"""
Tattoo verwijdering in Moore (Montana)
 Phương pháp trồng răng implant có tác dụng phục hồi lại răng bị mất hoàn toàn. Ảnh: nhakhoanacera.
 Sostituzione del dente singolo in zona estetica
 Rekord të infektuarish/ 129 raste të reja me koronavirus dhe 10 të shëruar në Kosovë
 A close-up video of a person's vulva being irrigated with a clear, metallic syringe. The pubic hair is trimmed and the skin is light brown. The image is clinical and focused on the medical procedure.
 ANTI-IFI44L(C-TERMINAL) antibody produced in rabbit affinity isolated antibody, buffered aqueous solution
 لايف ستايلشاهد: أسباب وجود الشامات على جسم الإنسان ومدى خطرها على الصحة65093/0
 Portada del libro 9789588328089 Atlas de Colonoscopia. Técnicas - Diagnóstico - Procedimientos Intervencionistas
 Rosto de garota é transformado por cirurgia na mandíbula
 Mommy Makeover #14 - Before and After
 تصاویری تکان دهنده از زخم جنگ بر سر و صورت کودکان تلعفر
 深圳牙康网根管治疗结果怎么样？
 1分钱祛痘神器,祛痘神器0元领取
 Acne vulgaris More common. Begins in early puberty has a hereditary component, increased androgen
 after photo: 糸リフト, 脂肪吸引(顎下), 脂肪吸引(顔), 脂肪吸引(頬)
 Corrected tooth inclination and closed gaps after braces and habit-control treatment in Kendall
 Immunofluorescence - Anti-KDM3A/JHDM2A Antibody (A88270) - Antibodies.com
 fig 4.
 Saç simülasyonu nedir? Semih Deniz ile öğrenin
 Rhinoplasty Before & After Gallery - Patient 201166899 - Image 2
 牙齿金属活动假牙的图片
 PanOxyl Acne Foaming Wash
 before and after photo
"""
What is needed
Please output the full listing one more time, exactly.

Answer to this problem
Tattoo verwijdering in Moore (Montana)
 Phương pháp trồng răng implant có tác dụng phục hồi lại răng bị mất hoàn toàn. Ảnh: nhakhoanacera.
 Sostituzione del dente singolo in zona estetica
 Rekord të infektuarish/ 129 raste të reja me koronavirus dhe 10 të shëruar në Kosovë
 A close-up video of a person's vulva being irrigated with a clear, metallic syringe. The pubic hair is trimmed and the skin is light brown. The image is clinical and focused on the medical procedure.
 ANTI-IFI44L(C-TERMINAL) antibody produced in rabbit affinity isolated antibody, buffered aqueous solution
 لايف ستايلشاهد: أسباب وجود الشامات على جسم الإنسان ومدى خطرها على الصحة65093/0
 Portada del libro 9789588328089 Atlas de Colonoscopia. Técnicas - Diagnóstico - Procedimientos Intervencionistas
 Rosto de garota é transformado por cirurgia na mandíbula
 Mommy Makeover #14 - Before and After
 تصاویری تکان دهنده از زخم جنگ بر سر و صورت کودکان تلعفر
 深圳牙康网根管治疗结果怎么样？
 1分钱祛痘神器,祛痘神器0元领取
 Acne vulgaris More common. Begins in early puberty has a hereditary component, increased androgen
 after photo: 糸リフト, 脂肪吸引(顎下), 脂肪吸引(顔), 脂肪吸引(頬)
 Corrected tooth inclination and closed gaps after braces and habit-control treatment in Kendall
 Immunofluorescence - Anti-KDM3A/JHDM2A Antibody (A88270) - Antibodies.com
 fig 4.
 Saç simülasyonu nedir? Semih Deniz ile öğrenin
 Rhinoplasty Before & After Gallery - Patient 201166899 - Image 2
 牙齿金属活动假牙的图片
 PanOxyl Acne Foaming Wash
 before and after photo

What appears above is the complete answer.